To the extent that the record permits review, we find that defendant received effective assistance of counsel at the SORA hearing notwithstanding counsel’s failure to litigate any aspect of the adjudication. Although a sex offender adjudication is not part of a criminal action (People v Stevens, 91 NY2d 270, 277 [1998]), for present purposes we assume, without deciding, that the state and federal standards for effective assistance at a criminal trial (see People v Benevento, 91 NY2d 708, 713-714 [1998]; Strickland v Washington, 466 US 668 [1984]) would apply. However, given the differences between a SORA hearing and a criminal trial, we reject defendant’s argument that *159counsel’s conduct was the functional equivalent of a guilty plea unconstitutionally entered by the attorney without the client’s consent (compare Brookhart v Janis, 384 US 1 [1966]; see also People v Costas, 46 AD3d 475 [2007], lv denied 10 AD3d 716 [2008] [waiver of sex offender hearing does not require allocution of defendant]).
Counsel could have reasonably concluded that there was nothing to litigate at the hearing (cf. People v DeFreitas, 213 AD2d 96, 101 [1995], lv denied 86 NY2d 872 [1995] [in criminal trial context, “(c)ounsel may not be expected to create a defense when it does not exist”]). The record reveals that counsel, who was undoubtedly familiar with the case based upon his prior representation of defendant on the underlying conviction, had reviewed the case summary and the risk assessment instrument before the hearing, and had consulted with defendant about the assessment. Based upon the detailed justification provided in the case summary for the assessment and, in the absence of any evidence that defendant informed counsel that he disputed any factual details, there was no reason for counsel to challenge the assessment. Defendant’s personal complaints at the hearing went to the validity of the underlying conviction, and not to the factual details provided in the case summary. Even, if as argued by defendant on appeal, counsel erred in failing to challenge the assessment of 10 points for the “Use of Violence” factor, this error would not have contributed to defendant’s classification since he was assessed 155 points, well in excess of the 110 points required for a level three adjudication. Furthermore, removing the points for “Use of Violence” would not have affected defendant’s adjudication as a sexually violent offender, which was based on the fact that his underlying conviction was for first-degree sodomy.
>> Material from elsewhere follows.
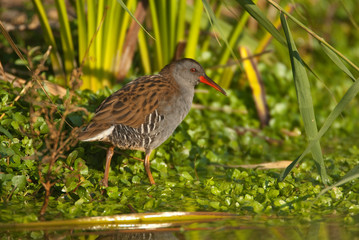 Water rail - Rallus aquaticus - aquatic bird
Other than speculation, defendant does not now advance any basis for suspecting that additional point assessments may have been incorrect. Since the facts and circumstances described in the case summary did not remotely justify a request for a downward departure, counsel was not ineffective for not making such a request (see People v Stultz, 2 NY3d 277, 283-284 [2004]).
Defendants’ arguments regarding prehearing discovery and the sufficiency of the court’s findings are unpreserved and without merit. Concur—Gonzalez, J.E, Buckley, Catterson, McGuire and Acosta, JJ.